:: The task ::
When you reach the line containing "istock African-American woman", begin copying, and keep copying each line exactly until the listing ends.

- - -

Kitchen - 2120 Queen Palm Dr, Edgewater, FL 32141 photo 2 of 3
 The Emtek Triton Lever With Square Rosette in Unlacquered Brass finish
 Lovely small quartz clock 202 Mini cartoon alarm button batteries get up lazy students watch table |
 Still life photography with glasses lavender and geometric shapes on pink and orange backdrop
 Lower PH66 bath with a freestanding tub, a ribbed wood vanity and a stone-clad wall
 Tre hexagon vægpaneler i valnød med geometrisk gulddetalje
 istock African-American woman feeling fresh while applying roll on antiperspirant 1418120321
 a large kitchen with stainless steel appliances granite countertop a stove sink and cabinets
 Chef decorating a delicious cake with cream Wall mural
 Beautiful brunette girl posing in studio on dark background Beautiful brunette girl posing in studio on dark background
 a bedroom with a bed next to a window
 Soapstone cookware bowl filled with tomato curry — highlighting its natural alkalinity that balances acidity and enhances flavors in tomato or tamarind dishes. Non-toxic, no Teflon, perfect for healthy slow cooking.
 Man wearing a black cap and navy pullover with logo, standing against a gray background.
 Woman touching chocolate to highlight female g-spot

- - -

:: Exercise result ::
 istock African-American woman feeling fresh while applying roll on antiperspirant 1418120321
 a large kitchen with stainless steel appliances granite countertop a stove sink and cabinets
 Chef decorating a delicious cake with cream Wall mural
 Beautiful brunette girl posing in studio on dark background Beautiful brunette girl posing in studio on dark background
 a bedroom with a bed next to a window
 Soapstone cookware bowl filled with tomato curry — highlighting its natural alkalinity that balances acidity and enhances flavors in tomato or tamarind dishes. Non-toxic, no Teflon, perfect for healthy slow cooking.
 Man wearing a black cap and navy pullover with logo, standing against a gray background.
 Woman touching chocolate to highlight female g-spot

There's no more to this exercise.